Additional Allegations of Defense Fraud
The recent False Claims Act settlement agreement with GEAS also resolves earlier allegations of False Claims Act violations related to a separate defense contract with the United States Army. These allegations involve the manufacture and delivery of drag beams that were meant to be used on the UH-60 Blackhawk helicopters. The drag beams are essentially cylinders that attach to the airframe at one end and to the shock strut at the other. When landing the helicopter, drag beams transmit the load of that impact to the airframe, shock strut and the wheel.
According to official documentation, GEAS was accused of making false statements to the government between June 2010 and June 2011 in relation to defense contract specifications. GEAS misrepresented to another government contractor that it had completed detailed and thorough inspections of 228 drag beams that the company manufactured for the Army. As a result, GEAS violated the False Claims Act by maintaining it complied with the details of its defense contract.
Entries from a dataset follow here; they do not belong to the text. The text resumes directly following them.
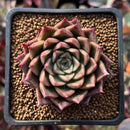 Echeveria 'Hwanhee' 1"-2" New 'Shani' Hybrid Succulent Plant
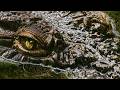 The Monster Of Lake Tanganyika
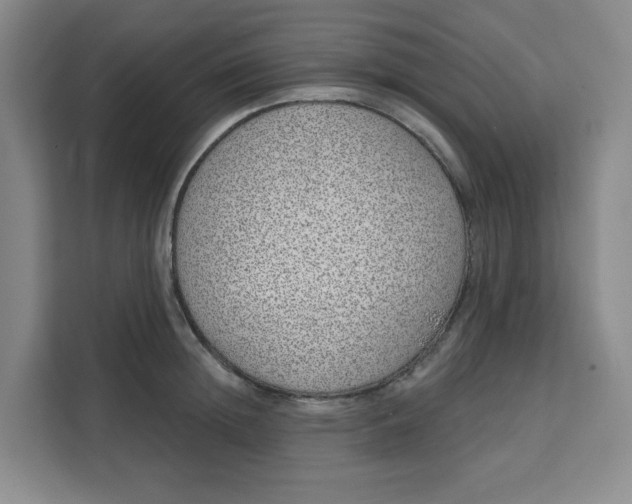 X0000111130852200907141209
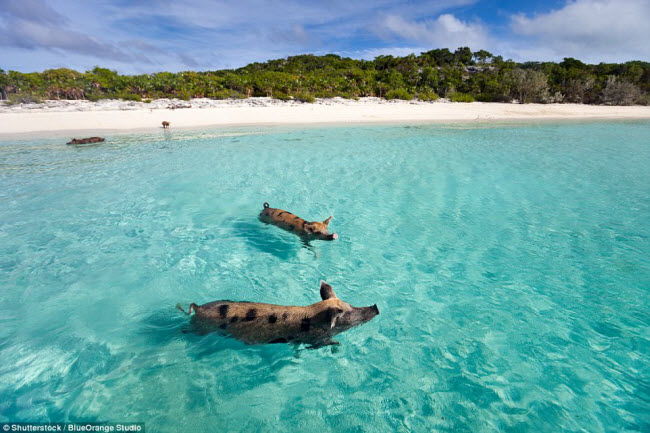 Đảo lợn: Trên hòn đảo hoang ở vùng Exuma của Bahamas, những con lợn hoang tự do bơi lội dưới biển. Du khách có thể tới đây bằng thuyền và chơi đùa với chúng.
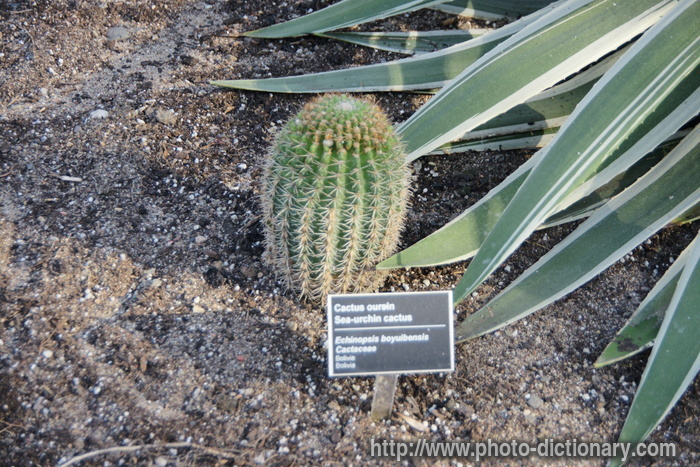 sea-urchin cactus - photo/picture definition - sea-urchin cactus word and phrase image
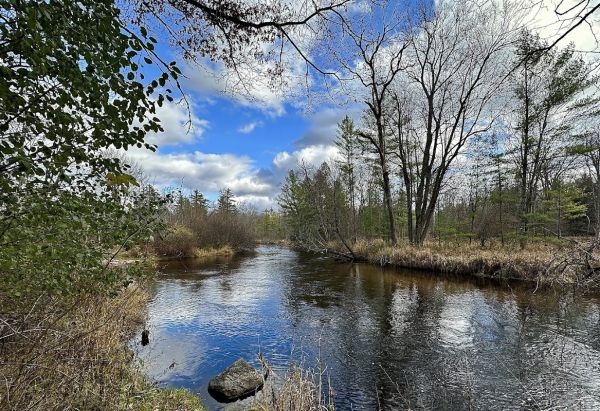 Gleasons Landing Campground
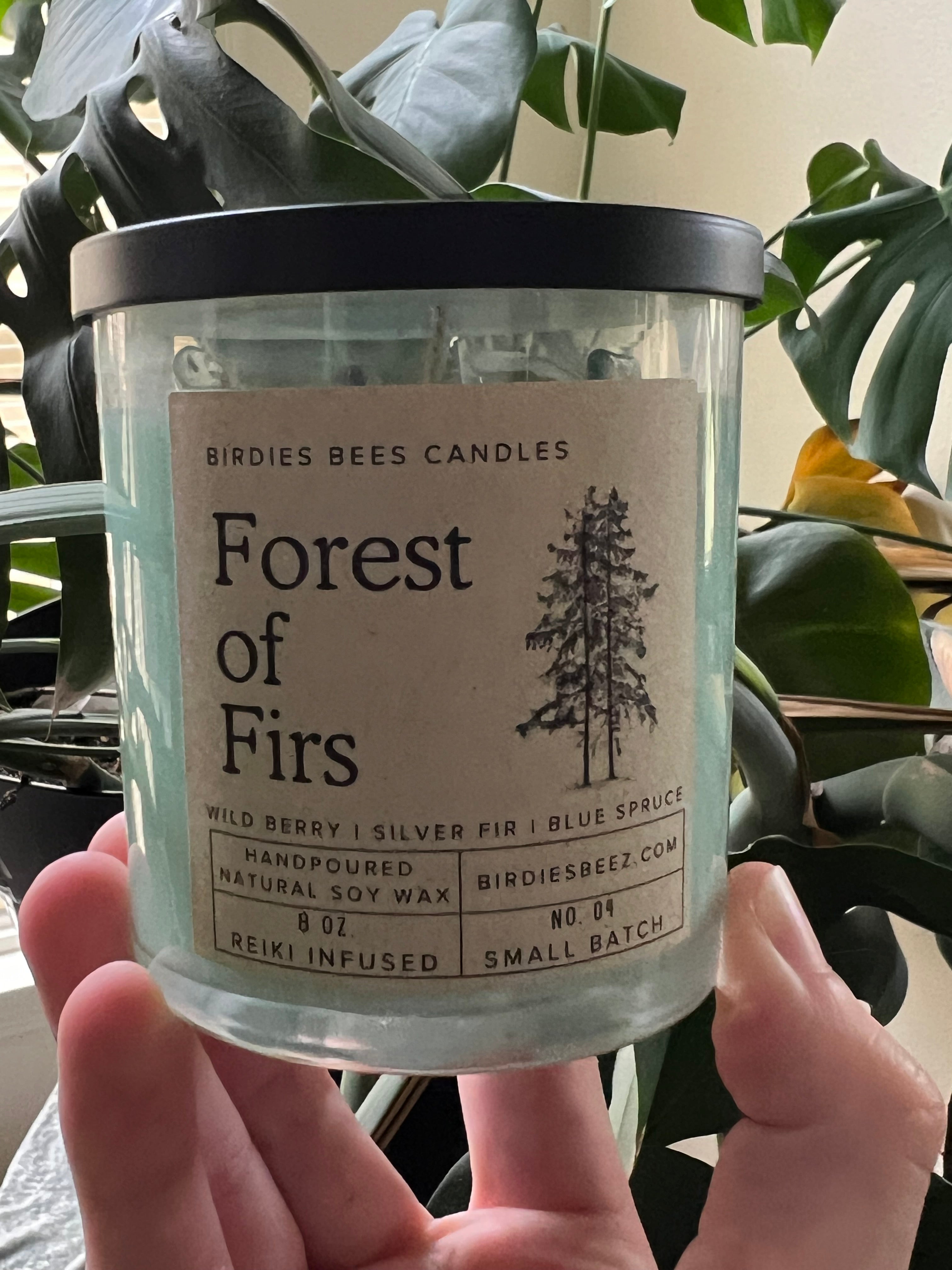 Forest of Firs Candle 8 oz. | Wild Berry, Silver Fir & Blue Spruce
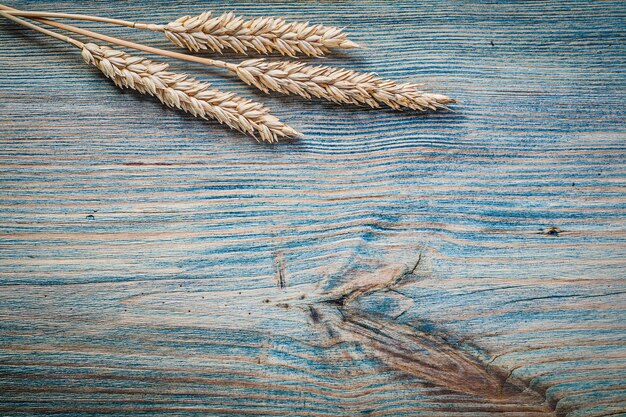 Wheat ears on wood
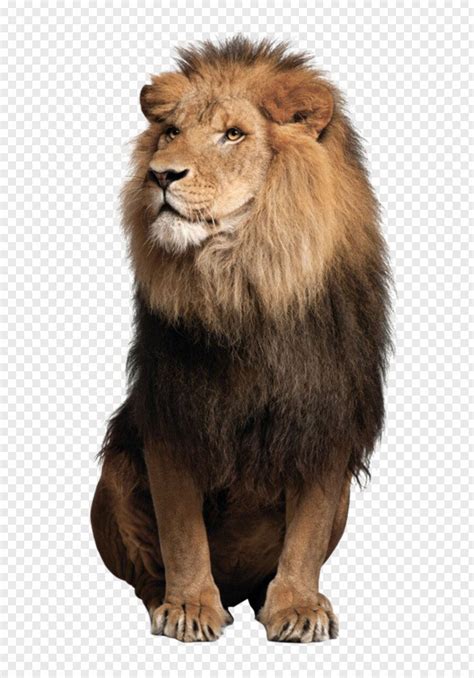 Lion Face Free Icon Library
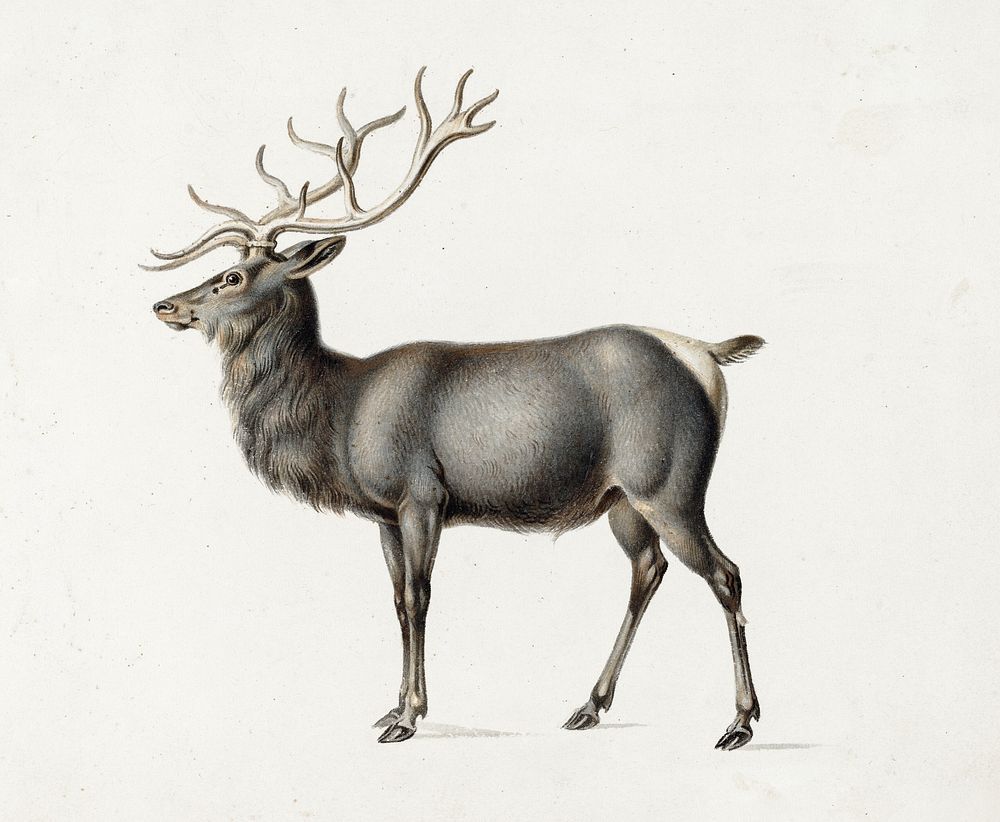 A deer with large antlers - Deer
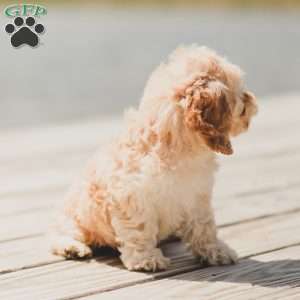 Karma, Cockapoo Puppy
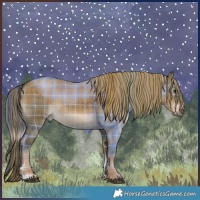 Horse Color:Plaid  Liver Red Dun Sabino Rabicano Brindle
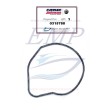 Guarnizione corpo pompa Johnson, Evinrude 0315788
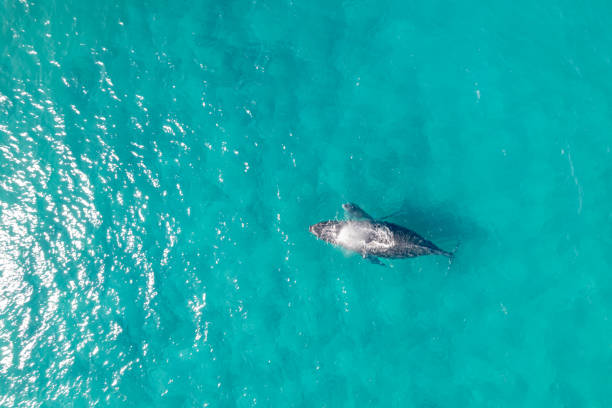 istock Whale spraying water from blowhole while swimming with calf in ocean 1405520610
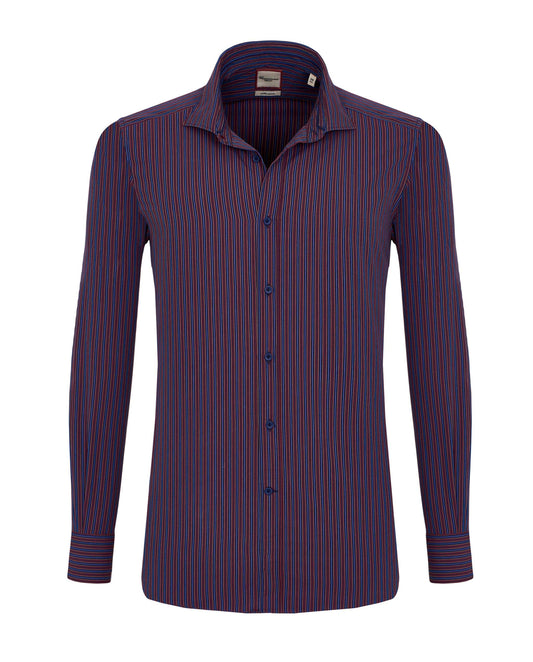 Trendy Statement Bordeaux Striped Poplin Shirt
Doing Business with the Government
When GEAS or any other defense contractor enters into an agreement with the federal government, it is under an obligation to deliver goods or services that meet technical requirements. In addition, the company must also submit certifications stating that quality control procedures have been implemented and followed during the manufacturing of those goods or in the training of those employees who perform services.
It would be impossible for the government to inspect every piece of inventory that it purchases from defense contractors around the world. As a result, it requires contractors to certify they are in compliance with the contract requirements. This step was implemented as a way to stop taxpayer dollars being wasted or used fraudulently and to ensure military personnel are not placed at risk by faulty goods and services. Once GEAS submitted a claim for reimbursement under a false certification that it delivered goods that met or exceeded the contract requirements, it can be held accountable for those False Claims Act violations.
Defense Fraud Whistleblower
Details of GEAS’s defense fraud were originally brought to light by a whistleblower. When Jeffery Adler, a former GEAS Santa Ana facility employee, learned his company was cutting corners with a defense contract, he decided to come forward with the information. After first consulting with an experienced False Claims Act attorney, Adler then moved forward with his qui tam action. He filed suit on behalf of the government under the whistleblower provisions of the False Claims Act. While Adler’s share of the settlement has not been determined as of yet, he stands to receive a substantial portion of the government’s $6.6 million recovery.